» **GOAL OF THE EXERCISE**
Transcribe the following records in full, exactly as shown.

» **RECORDS**
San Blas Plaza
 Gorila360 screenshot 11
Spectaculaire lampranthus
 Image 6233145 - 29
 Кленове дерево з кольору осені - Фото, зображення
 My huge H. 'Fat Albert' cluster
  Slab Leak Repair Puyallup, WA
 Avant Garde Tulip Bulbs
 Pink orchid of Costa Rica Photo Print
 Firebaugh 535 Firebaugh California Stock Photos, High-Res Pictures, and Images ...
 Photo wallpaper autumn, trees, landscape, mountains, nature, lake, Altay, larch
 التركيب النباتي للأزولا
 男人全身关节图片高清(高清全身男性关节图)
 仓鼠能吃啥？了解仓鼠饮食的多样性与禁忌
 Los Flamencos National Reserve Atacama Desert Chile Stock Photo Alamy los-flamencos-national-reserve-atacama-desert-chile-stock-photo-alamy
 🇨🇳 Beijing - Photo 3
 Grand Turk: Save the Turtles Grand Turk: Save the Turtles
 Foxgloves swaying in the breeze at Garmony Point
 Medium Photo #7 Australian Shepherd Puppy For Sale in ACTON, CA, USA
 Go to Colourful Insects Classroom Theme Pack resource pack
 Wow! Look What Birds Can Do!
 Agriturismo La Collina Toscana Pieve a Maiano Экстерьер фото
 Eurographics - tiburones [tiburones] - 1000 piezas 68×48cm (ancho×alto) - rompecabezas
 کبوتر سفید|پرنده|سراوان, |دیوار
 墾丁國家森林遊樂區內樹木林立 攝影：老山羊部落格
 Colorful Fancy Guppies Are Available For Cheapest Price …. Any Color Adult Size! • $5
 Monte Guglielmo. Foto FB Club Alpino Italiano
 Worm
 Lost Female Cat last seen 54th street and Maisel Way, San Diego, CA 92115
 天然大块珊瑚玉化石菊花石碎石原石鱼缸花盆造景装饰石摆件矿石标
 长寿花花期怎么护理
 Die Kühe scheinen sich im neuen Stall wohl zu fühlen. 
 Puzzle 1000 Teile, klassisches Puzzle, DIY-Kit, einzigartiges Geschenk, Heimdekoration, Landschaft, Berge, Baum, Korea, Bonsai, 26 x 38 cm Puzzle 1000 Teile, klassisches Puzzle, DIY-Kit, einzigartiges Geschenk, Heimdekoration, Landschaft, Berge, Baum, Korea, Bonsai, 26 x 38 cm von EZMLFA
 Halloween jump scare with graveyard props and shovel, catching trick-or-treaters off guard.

» **ANSWER TO THIS EXERCISE**
San Blas Plaza
 Gorila360 screenshot 11
Spectaculaire lampranthus
 Image 6233145 - 29
 Кленове дерево з кольору осені - Фото, зображення
 My huge H. 'Fat Albert' cluster
  Slab Leak Repair Puyallup, WA
 Avant Garde Tulip Bulbs
 Pink orchid of Costa Rica Photo Print
 Firebaugh 535 Firebaugh California Stock Photos, High-Res Pictures, and Images ...
 Photo wallpaper autumn, trees, landscape, mountains, nature, lake, Altay, larch
 التركيب النباتي للأزولا
 男人全身关节图片高清(高清全身男性关节图)
 仓鼠能吃啥？了解仓鼠饮食的多样性与禁忌
 Los Flamencos National Reserve Atacama Desert Chile Stock Photo Alamy los-flamencos-national-reserve-atacama-desert-chile-stock-photo-alamy
 🇨🇳 Beijing - Photo 3
 Grand Turk: Save the Turtles Grand Turk: Save the Turtles
 Foxgloves swaying in the breeze at Garmony Point
 Medium Photo #7 Australian Shepherd Puppy For Sale in ACTON, CA, USA
 Go to Colourful Insects Classroom Theme Pack resource pack
 Wow! Look What Birds Can Do!
 Agriturismo La Collina Toscana Pieve a Maiano Экстерьер фото
 Eurographics - tiburones [tiburones] - 1000 piezas 68×48cm (ancho×alto) - rompecabezas
 کبوتر سفید|پرنده|سراوان, |دیوار
 墾丁國家森林遊樂區內樹木林立 攝影：老山羊部落格
 Colorful Fancy Guppies Are Available For Cheapest Price …. Any Color Adult Size! • $5
 Monte Guglielmo. Foto FB Club Alpino Italiano
 Worm
 Lost Female Cat last seen 54th street and Maisel Way, San Diego, CA 92115
 天然大块珊瑚玉化石菊花石碎石原石鱼缸花盆造景装饰石摆件矿石标
 长寿花花期怎么护理
 Die Kühe scheinen sich im neuen Stall wohl zu fühlen. 
 Puzzle 1000 Teile, klassisches Puzzle, DIY-Kit, einzigartiges Geschenk, Heimdekoration, Landschaft, Berge, Baum, Korea, Bonsai, 26 x 38 cm Puzzle 1000 Teile, klassisches Puzzle, DIY-Kit, einzigartiges Geschenk, Heimdekoration, Landschaft, Berge, Baum, Korea, Bonsai, 26 x 38 cm von EZMLFA
 Halloween jump scare with graveyard props and shovel, catching trick-or-treaters off guard.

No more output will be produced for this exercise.